The 2-Norbornyl Cation is not a Single Minimum Energy System

Abstract

Simple and dual variable linear regression equations are presented which can estimate the sensitivity constants ρ for the solvolysis reactions of hundreds of bicyclic and tricyclic compounds. These are the first QSARs which utilize dihedral angles to estimate/predict ρ constants. These QSARs and other analyses herein support the new theory that the bridgehead hydrogen bond orbital assists the displacement of the exo leaving group in the solvolyses of 2-norbornyl derivatives. Alternative interpretions of the 1H NMR and 13C NMR spectra indicate that C1 is hypercoordinated rather than C6. Consequently, in normal hydroxylic solvents the 2-norbornyl cation is not symmetrical, does not require C—C σ-bond bridging and is not a single minimum energy system, i.e. it is a pair of rapidly equilibrating cations, eq 1, structure 2b. At ≤ −158°C, the 2-norbornyl cation is proposed to be an H—C1—H σ-bond delocalized resonance hybrid structure 16/16’. Hypotheses are presented which suggest that the norbornane system can be viewed as a saturated counterpart of a conjugated π system, e.g. benzene.

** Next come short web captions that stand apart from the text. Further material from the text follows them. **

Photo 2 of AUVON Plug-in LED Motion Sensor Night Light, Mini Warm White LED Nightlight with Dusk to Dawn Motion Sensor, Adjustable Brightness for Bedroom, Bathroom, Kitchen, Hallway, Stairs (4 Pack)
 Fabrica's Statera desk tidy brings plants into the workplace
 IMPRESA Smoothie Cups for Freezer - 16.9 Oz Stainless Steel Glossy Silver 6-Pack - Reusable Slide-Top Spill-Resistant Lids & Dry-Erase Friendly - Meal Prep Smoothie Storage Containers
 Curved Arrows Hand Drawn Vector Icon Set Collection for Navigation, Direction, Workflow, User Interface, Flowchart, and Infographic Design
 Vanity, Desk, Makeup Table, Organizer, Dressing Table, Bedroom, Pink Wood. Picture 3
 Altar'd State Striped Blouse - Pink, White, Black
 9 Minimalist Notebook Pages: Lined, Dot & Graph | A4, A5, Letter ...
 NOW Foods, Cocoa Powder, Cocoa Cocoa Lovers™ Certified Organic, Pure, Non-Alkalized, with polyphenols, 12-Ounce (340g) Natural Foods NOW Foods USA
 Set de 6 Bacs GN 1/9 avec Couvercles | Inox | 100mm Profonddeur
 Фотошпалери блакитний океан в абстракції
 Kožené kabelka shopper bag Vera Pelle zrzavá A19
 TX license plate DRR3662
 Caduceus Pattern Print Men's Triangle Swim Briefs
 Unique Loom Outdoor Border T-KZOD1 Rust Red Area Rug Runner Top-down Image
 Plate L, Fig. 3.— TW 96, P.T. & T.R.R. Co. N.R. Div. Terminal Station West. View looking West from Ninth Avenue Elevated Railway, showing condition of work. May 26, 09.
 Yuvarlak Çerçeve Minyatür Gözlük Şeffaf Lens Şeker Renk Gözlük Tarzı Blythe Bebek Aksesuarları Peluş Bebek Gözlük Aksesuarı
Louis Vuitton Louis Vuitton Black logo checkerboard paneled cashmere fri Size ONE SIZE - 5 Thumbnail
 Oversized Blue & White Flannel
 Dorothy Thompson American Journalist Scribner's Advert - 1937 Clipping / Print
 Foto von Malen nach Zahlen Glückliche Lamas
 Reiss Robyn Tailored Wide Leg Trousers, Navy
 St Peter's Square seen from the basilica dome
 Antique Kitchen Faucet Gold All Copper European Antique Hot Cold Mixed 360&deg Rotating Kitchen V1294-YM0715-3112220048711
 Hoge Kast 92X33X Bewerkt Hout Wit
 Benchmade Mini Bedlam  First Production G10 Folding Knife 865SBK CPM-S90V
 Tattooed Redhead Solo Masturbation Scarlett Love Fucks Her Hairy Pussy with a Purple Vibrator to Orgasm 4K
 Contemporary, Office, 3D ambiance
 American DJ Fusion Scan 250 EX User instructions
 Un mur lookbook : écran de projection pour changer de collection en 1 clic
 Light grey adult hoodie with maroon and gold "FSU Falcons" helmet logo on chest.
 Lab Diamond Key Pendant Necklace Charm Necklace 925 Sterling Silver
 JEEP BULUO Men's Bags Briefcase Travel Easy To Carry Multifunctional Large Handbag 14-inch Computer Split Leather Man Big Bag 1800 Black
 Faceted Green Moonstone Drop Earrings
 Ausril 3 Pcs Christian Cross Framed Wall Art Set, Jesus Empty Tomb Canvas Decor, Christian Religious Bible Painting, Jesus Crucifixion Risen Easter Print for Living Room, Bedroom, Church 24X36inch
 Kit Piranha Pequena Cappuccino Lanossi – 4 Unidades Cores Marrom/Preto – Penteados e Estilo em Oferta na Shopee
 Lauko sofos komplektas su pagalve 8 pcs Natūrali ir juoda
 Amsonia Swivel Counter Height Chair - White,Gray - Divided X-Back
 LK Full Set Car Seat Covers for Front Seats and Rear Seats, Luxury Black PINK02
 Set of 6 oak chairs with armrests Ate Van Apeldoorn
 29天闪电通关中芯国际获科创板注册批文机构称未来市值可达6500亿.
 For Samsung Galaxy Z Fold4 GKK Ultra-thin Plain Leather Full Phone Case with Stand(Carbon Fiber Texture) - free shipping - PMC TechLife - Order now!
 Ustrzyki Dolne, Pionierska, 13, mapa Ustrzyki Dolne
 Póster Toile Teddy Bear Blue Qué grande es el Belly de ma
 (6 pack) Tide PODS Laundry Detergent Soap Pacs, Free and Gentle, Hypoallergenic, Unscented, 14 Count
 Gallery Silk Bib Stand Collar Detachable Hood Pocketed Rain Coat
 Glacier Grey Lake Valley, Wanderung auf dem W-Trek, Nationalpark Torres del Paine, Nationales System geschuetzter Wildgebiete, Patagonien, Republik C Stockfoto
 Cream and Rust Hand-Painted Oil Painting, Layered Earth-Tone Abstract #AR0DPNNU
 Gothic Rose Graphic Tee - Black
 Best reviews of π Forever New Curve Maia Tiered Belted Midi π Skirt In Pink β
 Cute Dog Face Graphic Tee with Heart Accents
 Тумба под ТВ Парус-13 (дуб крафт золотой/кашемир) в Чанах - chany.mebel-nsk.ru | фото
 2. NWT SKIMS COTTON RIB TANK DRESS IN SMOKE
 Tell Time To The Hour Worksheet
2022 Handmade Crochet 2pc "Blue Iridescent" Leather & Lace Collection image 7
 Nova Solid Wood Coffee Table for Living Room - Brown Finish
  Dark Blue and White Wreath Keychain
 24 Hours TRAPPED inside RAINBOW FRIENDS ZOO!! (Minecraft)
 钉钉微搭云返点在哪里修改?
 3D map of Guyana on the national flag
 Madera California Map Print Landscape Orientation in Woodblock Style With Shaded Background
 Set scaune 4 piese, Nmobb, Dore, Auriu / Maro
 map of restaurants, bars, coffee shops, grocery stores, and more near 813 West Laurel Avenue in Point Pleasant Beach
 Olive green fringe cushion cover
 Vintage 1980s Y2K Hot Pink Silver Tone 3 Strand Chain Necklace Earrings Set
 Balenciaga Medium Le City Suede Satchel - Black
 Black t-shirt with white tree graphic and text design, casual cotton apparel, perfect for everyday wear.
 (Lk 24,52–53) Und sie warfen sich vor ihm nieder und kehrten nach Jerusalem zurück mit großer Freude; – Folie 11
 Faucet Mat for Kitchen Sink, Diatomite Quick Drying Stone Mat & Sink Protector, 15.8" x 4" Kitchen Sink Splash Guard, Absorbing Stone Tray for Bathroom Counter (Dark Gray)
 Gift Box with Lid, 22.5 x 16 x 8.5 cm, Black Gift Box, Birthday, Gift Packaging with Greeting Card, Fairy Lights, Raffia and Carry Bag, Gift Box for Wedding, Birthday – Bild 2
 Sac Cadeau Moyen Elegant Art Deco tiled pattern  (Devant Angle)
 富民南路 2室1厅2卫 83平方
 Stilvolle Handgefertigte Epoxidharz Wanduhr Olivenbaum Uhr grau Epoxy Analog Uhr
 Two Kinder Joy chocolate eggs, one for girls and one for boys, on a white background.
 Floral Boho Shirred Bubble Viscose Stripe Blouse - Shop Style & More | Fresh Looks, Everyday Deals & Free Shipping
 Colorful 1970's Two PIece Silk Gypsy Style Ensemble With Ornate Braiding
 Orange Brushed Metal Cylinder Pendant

This new delocalization and bond concept, sigma aromaticity, can also help to explain the preferential “exo'’ reactions of norbornane and norbornene systems, the unusual stability of the 2-norbornyl cation, and perhaps provide new insight concerning the ubiquitousness of six-membered rings. Sigma aromaticity may also help account for the greater efficiency of singlet energy transfer between chromophores when the molecular spacer group is rigid rather than flexible, and electron transfer in DNA.